An ideal knowledge model promotes improved discovery, interoperability, reuse, traceability, and reproducibility. The knowledge model resulting from the SDD approach adheres to Semantic Web standards, resulting in improved discovery on the Web, as well as interoperability with systems that also use RDF data serializations. These artifacts are reusable, as SDD tables created for one data set can be reused to annotate another similar data set. Scientific studies involving SDDs are traceable and reproducible by design, as the artifacts designed during the modeling process can be published and shared, helping to ensure consistency for other researchers attempting to examine the studies.

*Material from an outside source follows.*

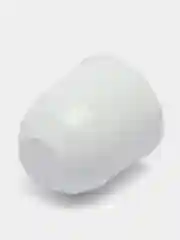 Белый колпачок фаркопа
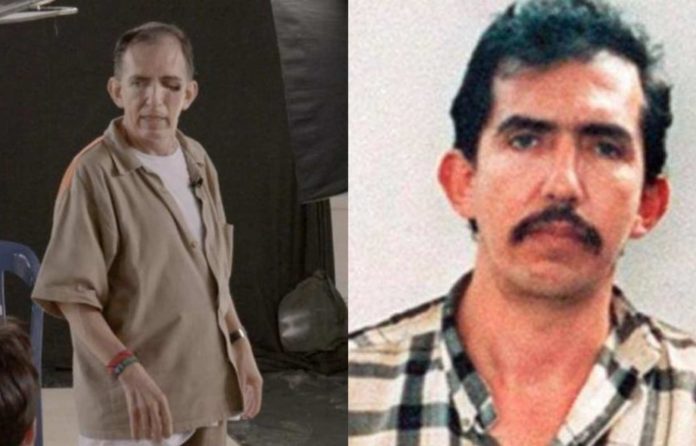 Cadáver de violador serial Garavito se pudre en Valledupar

In this work, we advance the state of the art of metadata capture of data sets by improving on existing standards with the formalization of the Semantic Data Dictionary specification, which produces machine-readable knowledge representations by leveraging Semantic Web technologies. This is achieved by formalizing the assignment of a semantic representation of data and annotating data set columns and their values using concepts from best practice ontologies. We provide resources such as documentation, examples, tutorials, and modeling guidelines to aid those who wish to create their own Semantic Data Dictionaries. We claim that this approach and the resulting artifacts are FAIR, help address limitations of traditional data dictionaries, and provide a bridge between representation methods used by domain scientists and semantic mapping approaches. We evaluate this work by defining metrics over several relevant categorizations, and scoring the Semantic Data Dictionary, traditional data dictionaries, mapping languages, and data integration tools for each metric. As we provide a methodology to aid in scientific workflows, this work eases the semantic annotation process for data providers and users alike.

AUTHOR CONTRIBUTIONS

S.M. Rashid ([email protected]), in drafting the paper, introduced the research, motivation, and claims of this article in Section 1, conducted the majority of the literature review presented in Section 2, summarized the methodology associated with the approach in Section 3, formulated the example of Section 4, detailed the case studies presented in Section 5, performed the evaluation of Section 7 and 8, helped with the discussion in Section 9, and summarized the conclusions of the article in Section 10. J.P. McCusker ([email protected]) contributed to the content of Section 3 and aided in the formulation of the evaluation of Section 7. P. Pinheiro ([email protected]) helped scope the example of Section 4. M.P. Bax ([email protected]) helped with the conducting of the literature review of Section 2 and aided in the formulation of the evaluation of Section 7. H.O. Santos ([email protected]) helped synthesize the related literature in Section 2 and presented some limitations of our approach in Section 10. J.A. Stingone ([email protected]) conducted the experiment and drafted the content presented in Section 6. A.K. Das ([email protected]) led the proposal of the research problems associated with the HEALS projects mentioned in Section 5. D.L. McGuinness ([email protected]) has guided the overall direction of this research. All the authors have made meaningful and valuable contributions in revising and proofreading the resulting manuscript.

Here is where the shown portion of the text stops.